# Work instruction
Could you output every record below exactly, leaving out the pictures?

%%

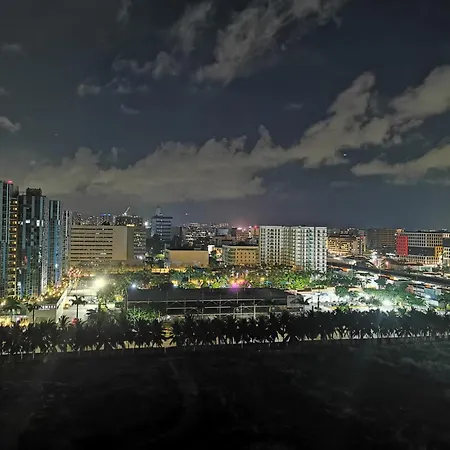 Mall Of Asia Shore Condo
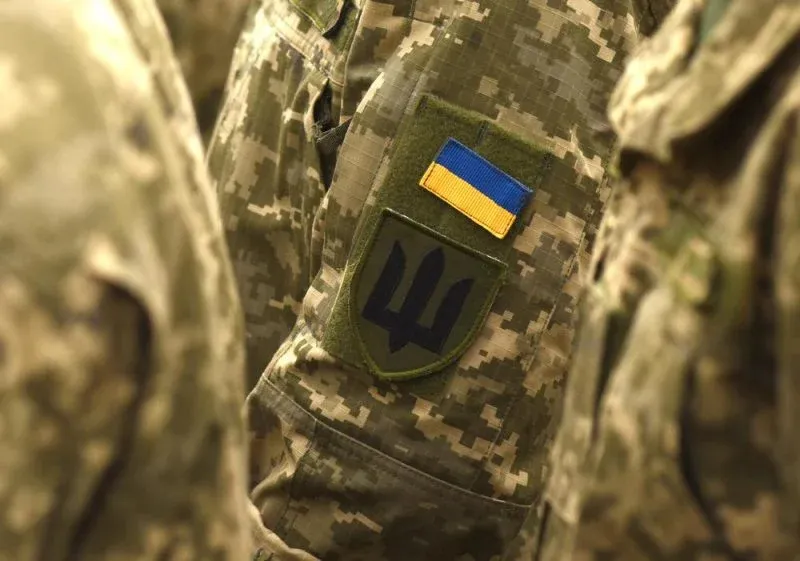 В Киеве военнослужащий в состоянии алкогольного опьянения угрожал взорвать дом и покончить с собой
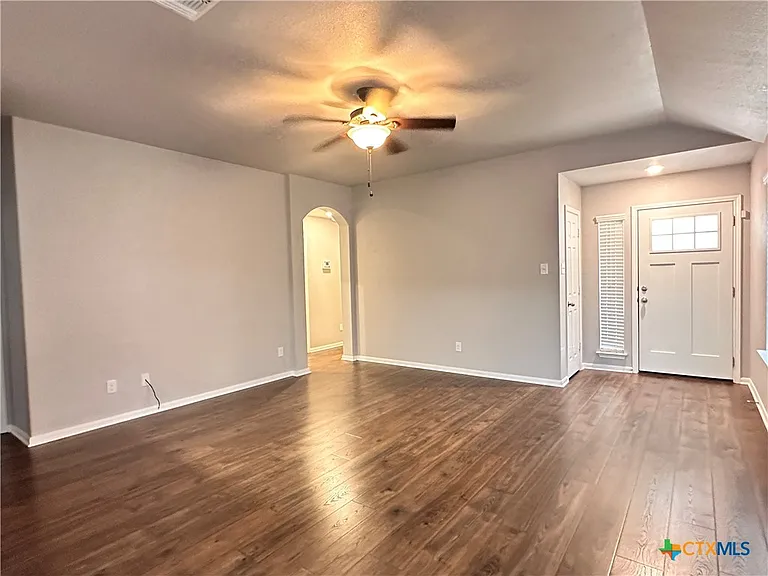 417 Capistrano Dr — Photo 14
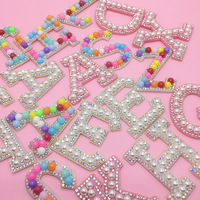 Nouveau Design Perle Lettres Patch Couleur 3D Broderie Strass Lettres Patches Fer sur pour la Décoration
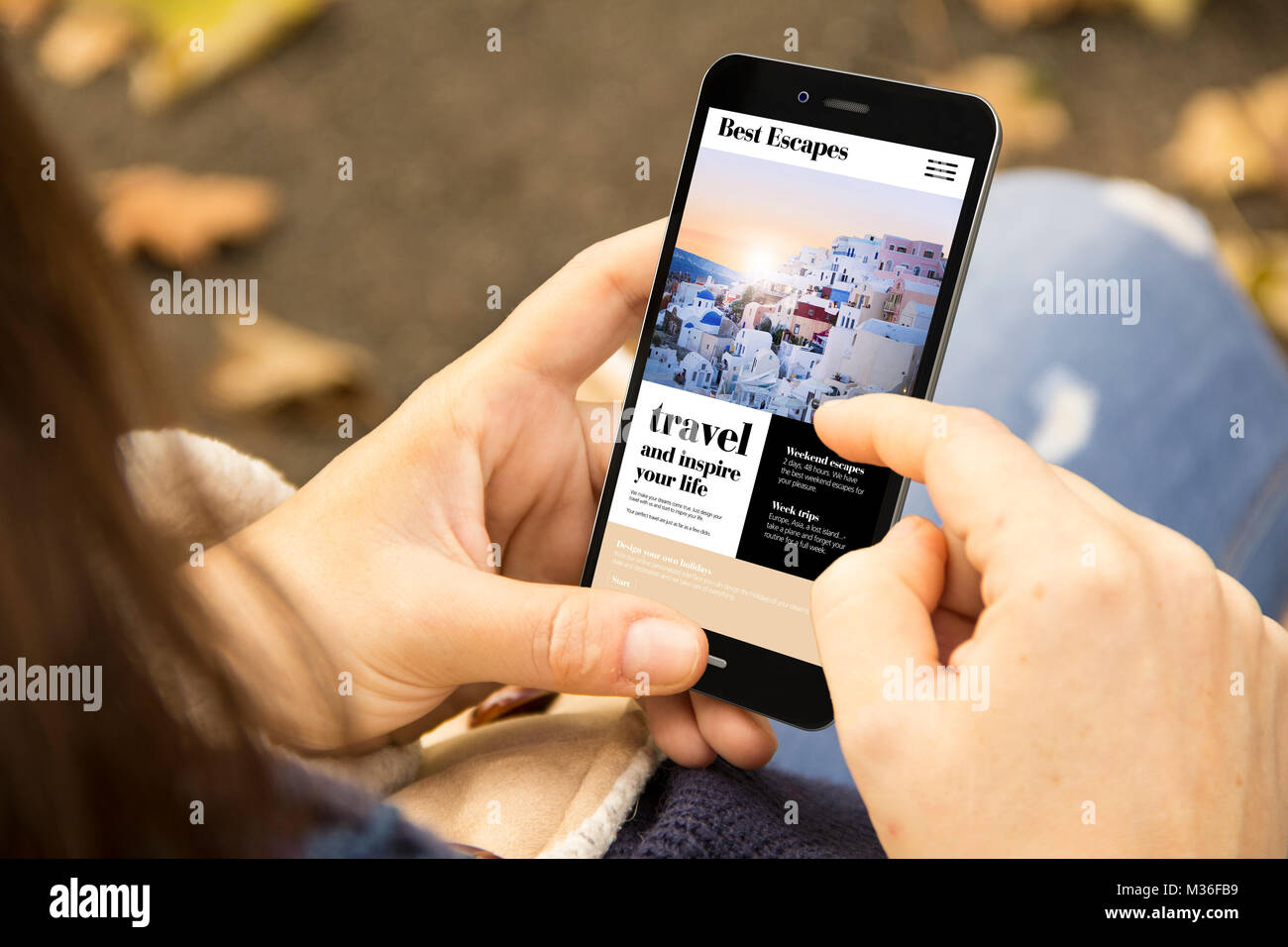 Concept design mobile : un smartphone 3D généré avec voyages site sur l'écran. Graphiques à l'écran sont constitués. Banque D'Images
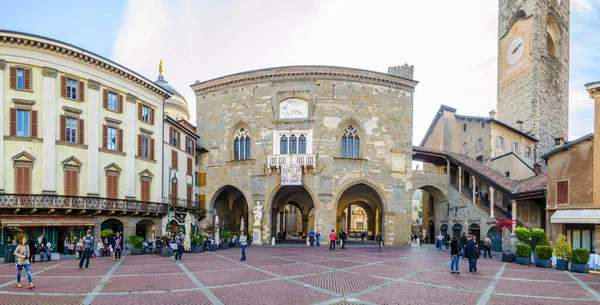 Bergamo Italy November 2014 People Strolling Piazza Vecchia Bergamo Italy — Stok fotoğraf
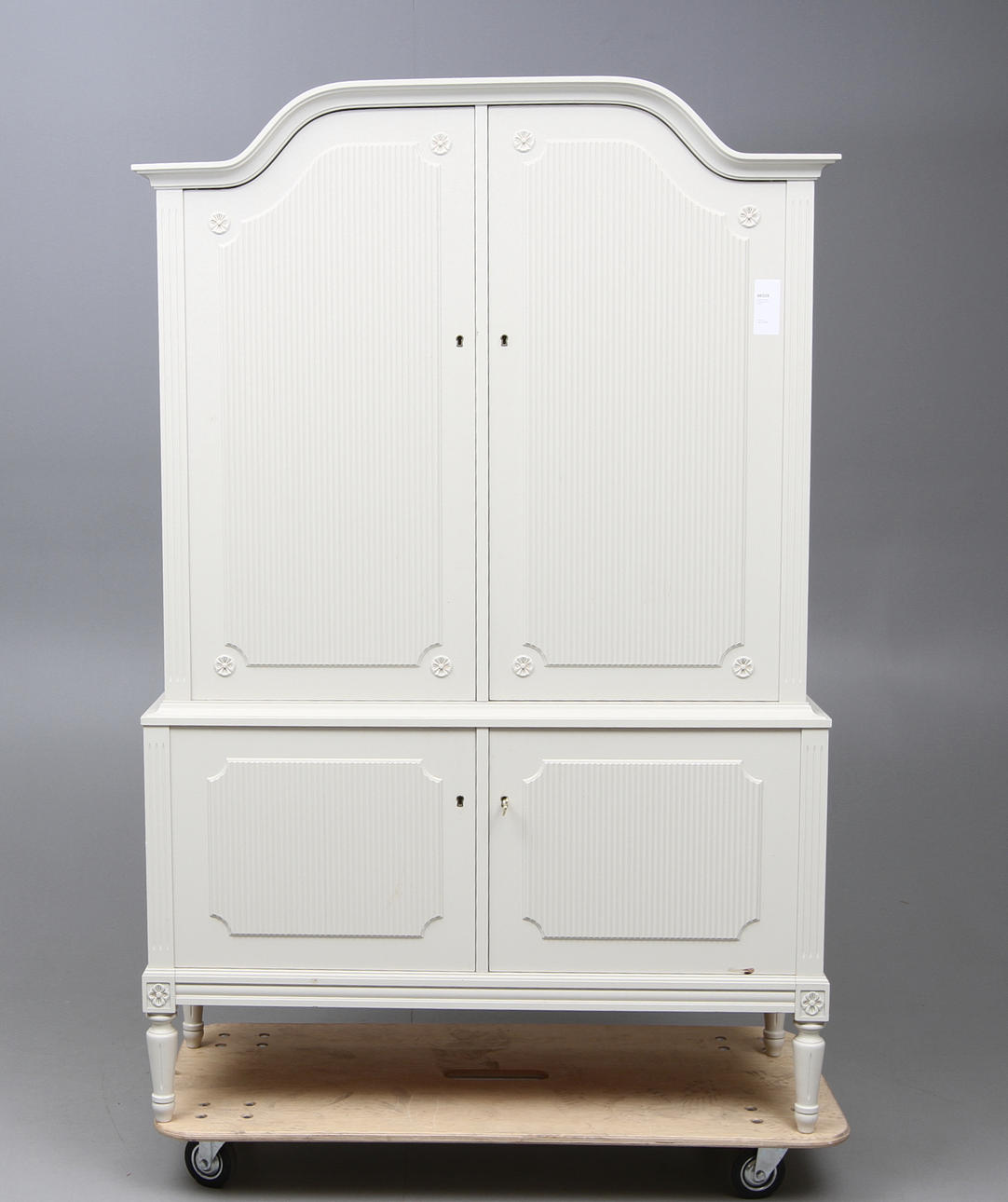 MATSALSSKÅP, Gustaviansk stil, 1900 tal.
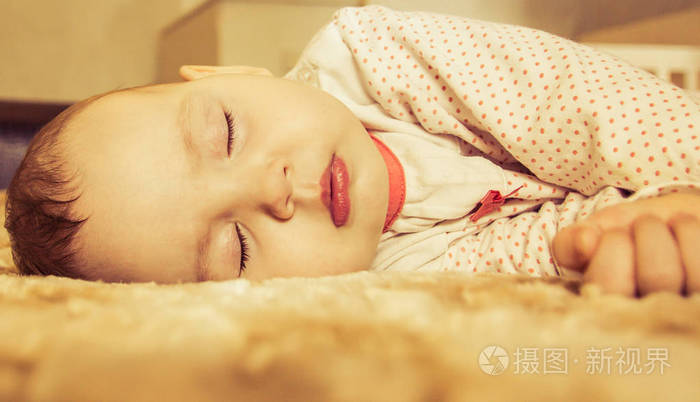 可爱的新生婴儿在床上睡觉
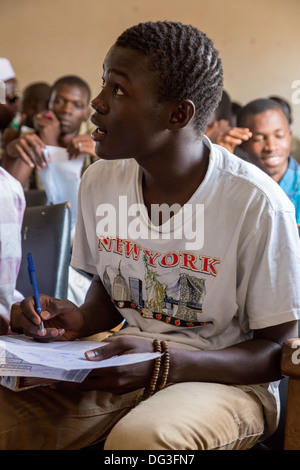 Sénégal, Touba. Jeune homme à l'Institut d'études islamiques d'Al-Azhar. Banque D'Images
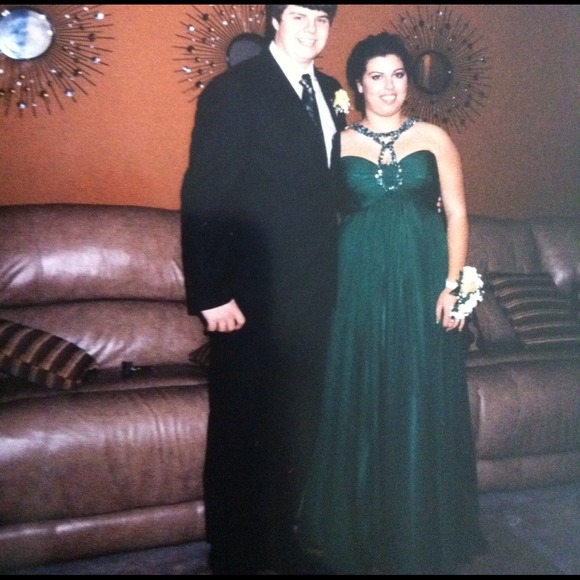 Kelly green and beaded prom dress - Picture 1 of 1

%%

# Exercise response
 Mall Of Asia Shore Condo
 В Киеве военнослужащий в состоянии алкогольного опьянения угрожал взорвать дом и покончить с собой
 417 Capistrano Dr — Photo 14
 Nouveau Design Perle Lettres Patch Couleur 3D Broderie Strass Lettres Patches Fer sur pour la Décoration
 Concept design mobile : un smartphone 3D généré avec voyages site sur l'écran. Graphiques à l'écran sont constitués. Banque D'Images
 Bergamo Italy November 2014 People Strolling Piazza Vecchia Bergamo Italy — Stok fotoğraf
 MATSALSSKÅP, Gustaviansk stil, 1900 tal.
 可爱的新生婴儿在床上睡觉
 Sénégal, Touba. Jeune homme à l'Institut d'études islamiques d'Al-Azhar. Banque D'Images
 Kelly green and beaded prom dress - Picture 1 of 1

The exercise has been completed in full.